COMMITMENT INCREASEAMENDMENT TO REVOLVING CREDIT AND TERMLOAN AGREEMENT
EX-10.1 2 v186225_ex10-1.htm
Execution Version
COMMITMENT INCREASE AMENDMENT
TO REVOLVING CREDIT AND TERM LOAN AGREEMENT
THIS COMMITMENT INCREASE AMENDMENT TO REVOLVING CREDIT AND TERM LOAN AGREEMENT (this “Amendment”), is made and entered into as of May 19, 2010, by and among EASYLINK SERVICES INTERNATIONAL CORPORATION, a Delaware corporation (the “Borrower”), EASYLINK SERVICES CORPORATION, a Delaware corporation (“ESC”), EASYLINK SERVICES USA, INC., a Delaware corporation (“ES USA”) (ESC and ES USA are hereinafter collectively referred to as the “Guarantors”), the several banks and other financial institutions from time to time party hereto (collectively, the “Approving Lenders”) and SUNTRUST BANK, in its capacity as administrative agent for the Lenders (the “Administrative Agent”).
WITNESSETH:
WHEREAS, the Borrower, the Approving Lenders, certain other financial institutions (together with the Approving Lenders, the “Lenders”) and the Administrative Agent are parties to a certain Revolving Credit and Term Loan Agreement, dated as of May 19, 2009 (as amended, restated, supplemented or otherwise modified from time to time, the “Credit Agreement”; capitalized terms used herein and not otherwise defined shall have the meanings assigned to such terms in the Credit Agreement), pursuant to which the Lenders have made certain financial accommodations available to the Borrower;
WHEREAS, the Borrower has requested that the Term Loan Commitments be increased by $5,000,000.00 pursuant to Section 2.23 of the Credit Agreement, and subject to the terms and conditions hereof, certain of the Approving Lenders whose commitments are reflected as increased on Exhibit A attached hereto (the “Increasing Lenders”) are willing to do so; and
WHEREAS, the Borrower has requested certain waivers and consents to the terms of the Credit Agreement, as hereinafter set forth, and the Approving Lenders, which constitute the Required Lenders under the terms of the Credit Agreement, are willing to grant such requests, subject to the terms and conditions set forth herein;
NOW, THEREFORE, for good and valuable consideration, the sufficiency and receipt of all of which are acknowledged, the Borrower, the Approving Lenders and the Administrative Agent agree as follows:
1. Commitment Increase/Waiver and Consent. (a) Each Increasing Lender agrees that its Term Loan Commitment is increased to the amount set forth opposite its name on Exhibit A to this Amendment.
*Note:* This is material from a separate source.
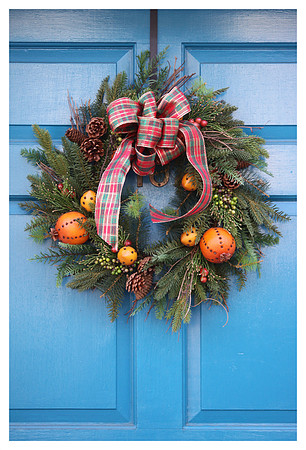 blue door wreath border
Upon the effectiveness of this Amendment, Schedule II attached hereto shall be substituted for the existing Schedule II attached to the Credit Agreement for all purposes.
(b) Each Approving Lender waives the requirements of (i) Section 2.23(a) of the Credit Agreement that any increase of the Aggregate Term Loan Commitments occur after May 19, 2010 (and not as to any other requirement set forth in Section 2.23(a) of the Credit Agreement); (ii) Section 7.5(vi) of the Credit Agreement that any redemptions of the York Preferred Stock be financed solely with the proceeds of any Additional Commitment Amount (and not as to any other requirement set forth in Section 7.5(vi) or any other provision of Section 7.5 applicable to Section 7.5(vi) of the Credit Agreement); and (iii) Section 7.7 of the Credit Agreement, to the extent such section prohibits the redemption of the York Preferred Stock as contemplated herein.
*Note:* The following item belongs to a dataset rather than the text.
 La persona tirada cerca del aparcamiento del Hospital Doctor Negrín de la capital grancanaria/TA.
2. Conditions to Effectiveness of this Amendment. Notwithstanding any other provision of this Amendment and without affecting in any manner the rights of the Increasing Lenders hereunder, it is understood and agreed that this Amendment shall not become effective, and the Borrower shall have no rights under this Amendment, until the Administrative Agent shall have received (i) upfront fees in the amount of one percent (1.0%) of the increase in the Term Loan Commitments provided hereunder, to be applied pro rata among the Increasing Lenders, (ii) such fees as the Borrower has previously agreed in writing to pay the Administrative Agent or any of its affiliates in connection with this Amendment, (iii) reimbursement or payment of its costs and expenses incurred in connection with this Amendment or the Credit Agreement (including reasonable fees, charges and disbursements of Arnall Golden Gregory LLP, counsel to the Administrative Agent) and (iv) each of the following documents:
(a) executed counterparts to this Amendment from the Borrower, each of the Guarantors and the Approving Lenders;
(b) a favorable written opinion of counsel to the Borrower and the Guarantors, addressed to the Administrative Agent and Increasing Lenders, and covering such matters relating to this Amendment and the transactions contemplated therein as the Administrative Agent and the Increasing Lenders shall reasonably request; and
(c) a certificate of the Secretary or Assistant Secretary of the Borrower and each Guarantor, attaching and certifying the resolutions of its boards of directors, authorizing the execution, delivery and performance of this Amendment and certifying the name, title and true signature of each officer of the Borrower or the Guarantor, as the case may be, executing the Amendment, and confirming no changes have occurred to the articles of incorporation or bylaws of the Borrower or such Guarantor.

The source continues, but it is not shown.